# Task description:
Both the line with "Window Regulator Repair" and the line with "MOSTRINA A VASCHETTA" in the records below must appear in the output, along with every line between them, exactly and with nothing added.

# Supplied information:
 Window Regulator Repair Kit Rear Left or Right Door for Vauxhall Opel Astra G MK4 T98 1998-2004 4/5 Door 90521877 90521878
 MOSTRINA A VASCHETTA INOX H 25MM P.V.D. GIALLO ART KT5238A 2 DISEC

==

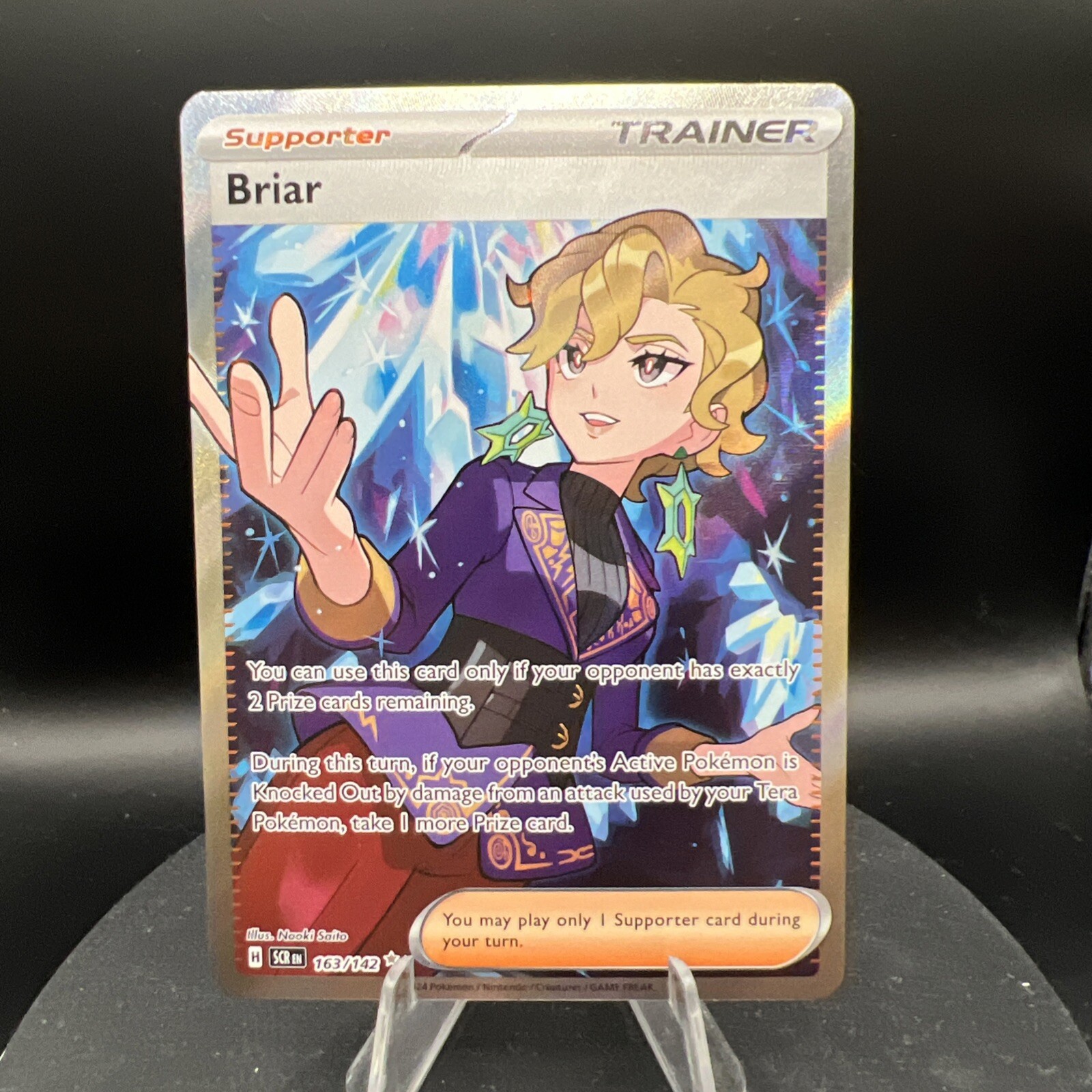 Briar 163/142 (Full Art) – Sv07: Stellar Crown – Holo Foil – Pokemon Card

# Solution to this exercise:
 Window Regulator Repair Kit Rear Left or Right Door for Vauxhall Opel Astra G MK4 T98 1998-2004 4/5 Door 90521877 90521878
 MOSTRINA A VASCHETTA INOX H 25MM P.V.D. GIALLO ART KT5238A 2 DISEC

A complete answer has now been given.